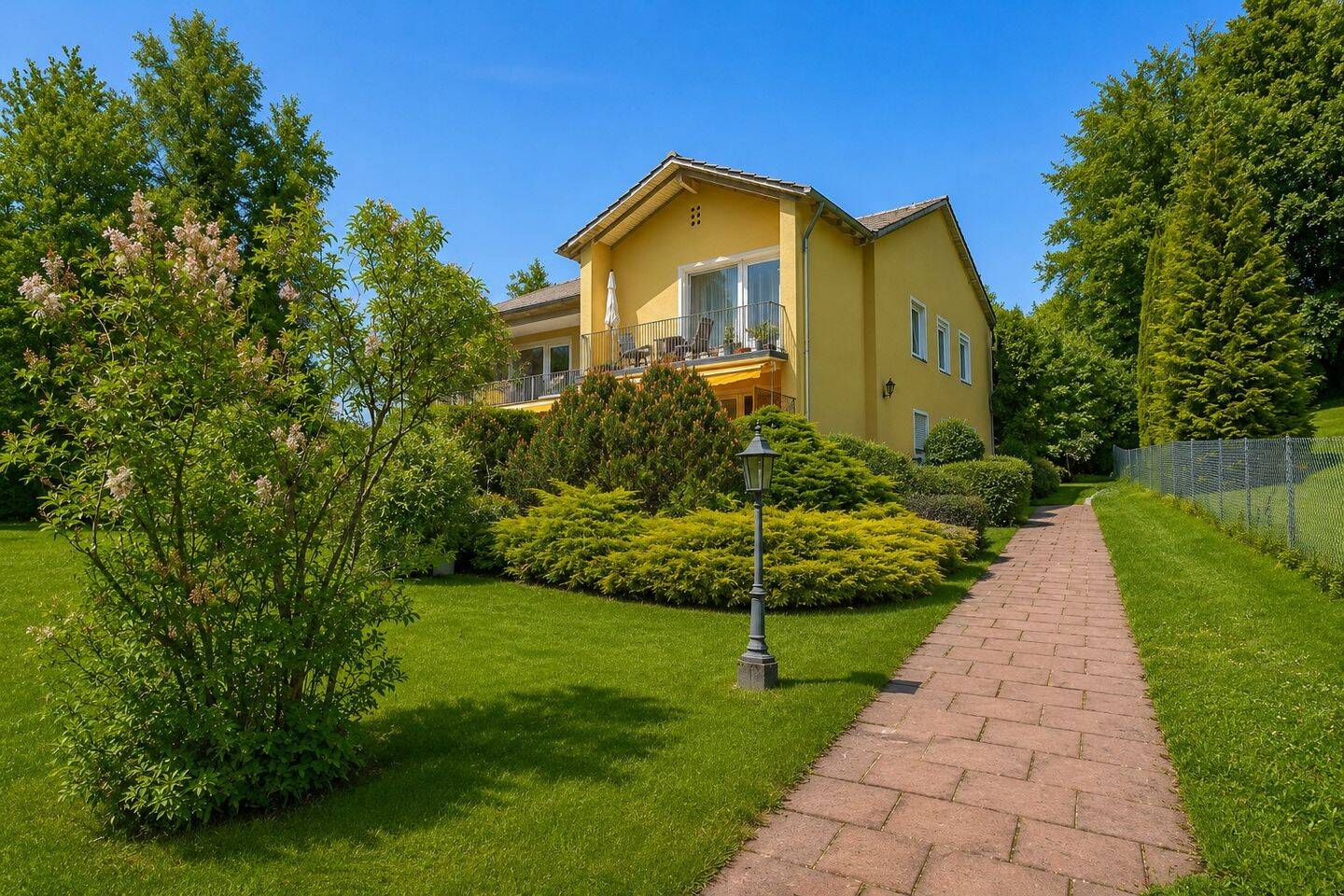 STARNBERG: PERFEKTE SINGLEWOHNUNG IN WOHLFÜHLLAGE AM GRÜNEN STADTRAND!, 82319 Starnberg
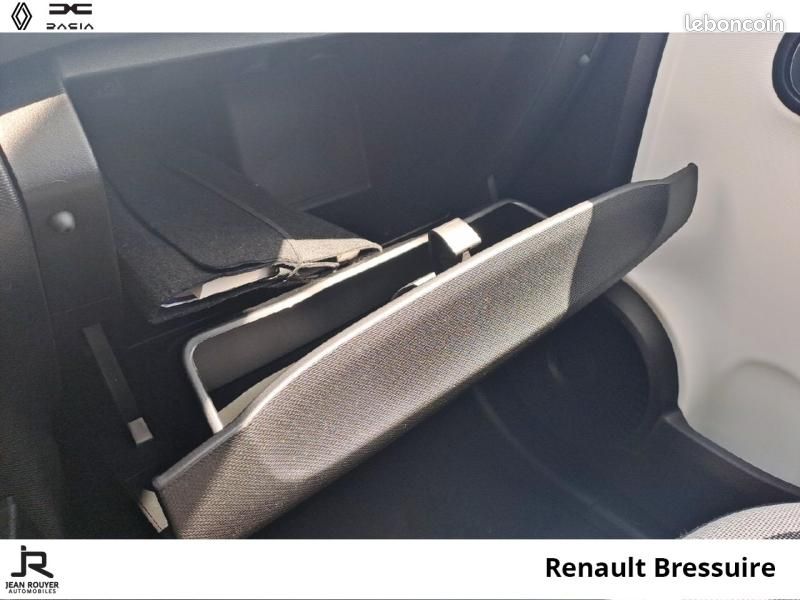 Renault Twingo 1.0 SCe 65ch Equilibre (image 17)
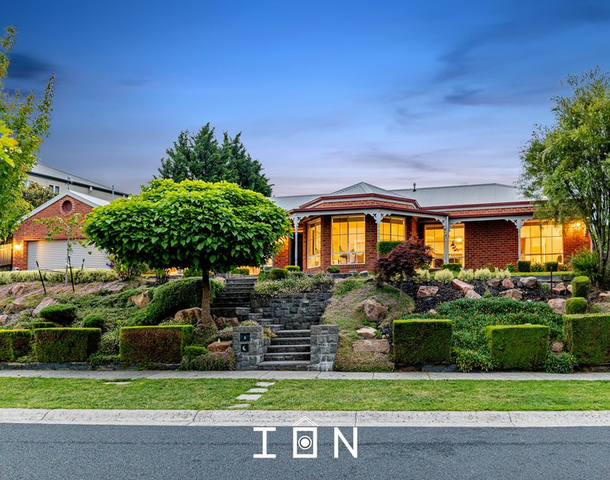 2 Royal Crescent, Beaconsfield VIC 3807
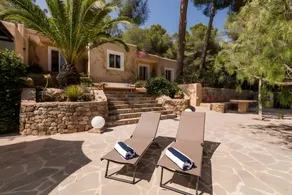 Villa with terrace, garden & pool | Garden view | Suitable for remote work - Image 3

- [What you will do]: Set down the whole listing word for word, omitting the pictures.

- [Answer box]:
 STARNBERG: PERFEKTE SINGLEWOHNUNG IN WOHLFÜHLLAGE AM GRÜNEN STADTRAND!, 82319 Starnberg
 Renault Twingo 1.0 SCe 65ch Equilibre (image 17)
 2 Royal Crescent, Beaconsfield VIC 3807
 Villa with terrace, garden & pool | Garden view | Suitable for remote work - Image 3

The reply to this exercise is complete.